- Morlun Art by John Romita Jr.

Publication information
- Publisher: Marvel Comics
- First appearance: The Amazing Spider-Man vol. 2 #30 (June 2001)
- Created by: J. Michael Straczynski John Romita Jr.

In-story information
- Species: Psychic vampire
- Place of origin: Loomworld (Earth-001)
- Team affiliations: Inheritors
- Notable aliases: Devourer of Totems
- Abilities: Superhuman strength, speed, durability, stamina, agility, and reflexes; Life force energy absorption; Extended longevity; Teleportation; Power absorption (only for people with Spider-Powers;

= Morlun =

Morlun (/ˈmɔrlən/) is a supervillain appearing in American comic books published by Marvel Comics. Created by J. Michael Straczynski and John Romita Jr., the character first appeared in The Amazing Spider-Man vol. 2 #30 (June 2001).

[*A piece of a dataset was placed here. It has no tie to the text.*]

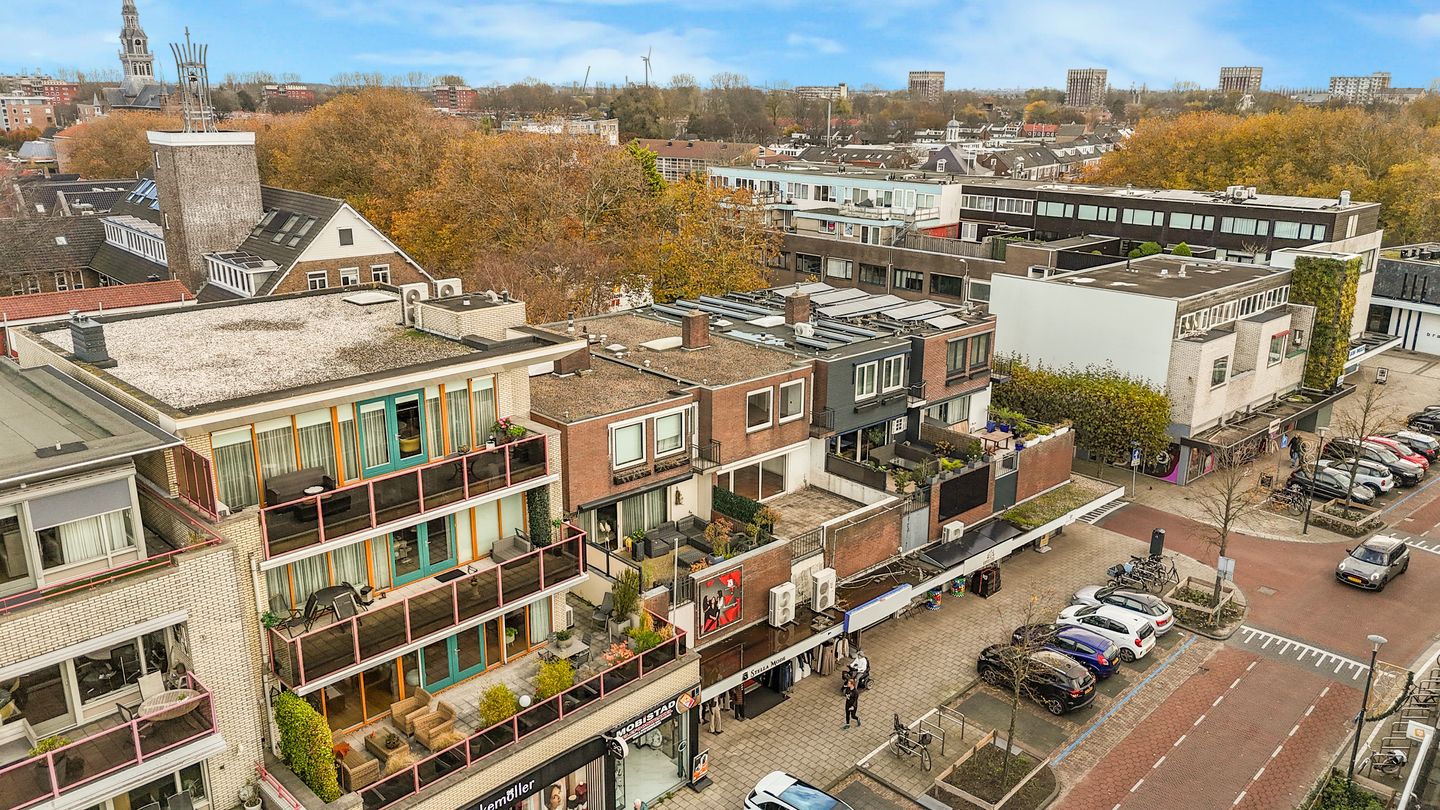 View photo 4 of Deutzstraat 12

Morlun is a central foe of all the themed versions of Spider-Man, being one of their most powerful and dangerous adversaries. He is an entity from Earth-001 that hunts all the Spider-Totems by traveling to the many universes of Marvel Comics. He is best known as the temporary killer of the Earth-616 Spider-Man in the storyline "Spider-Man: The Other", and is also the main antagonist of the "Spider-Verse" storyline in which he and his estranged family, the Inheritors, attempt to kill all the versions of Spider-Man, as prophesied by him.

==Publication history==

Morlun first appeared in The Amazing Spider-Man vol. 2 #30 (June 2001), created by writer J. Michael Straczynski and penciler John Romita Jr. This story is collected in Amazing Spider-Man Vol. 1: Coming Home.Regarding Morlun's design, Romita Jr. has stated that he initially designed Morlun to resemble what he had envisioned as a inter-dimensional biker. It was only after Straczynski's request to make him more "British-looking" that Romita Jr. gave him what he has regarded as the "aristocratic British-look" that Morlun sports, having based his design on the movie portrayals of Dracula by actors Bela Lugosi, John Carradine and Christopher Lee.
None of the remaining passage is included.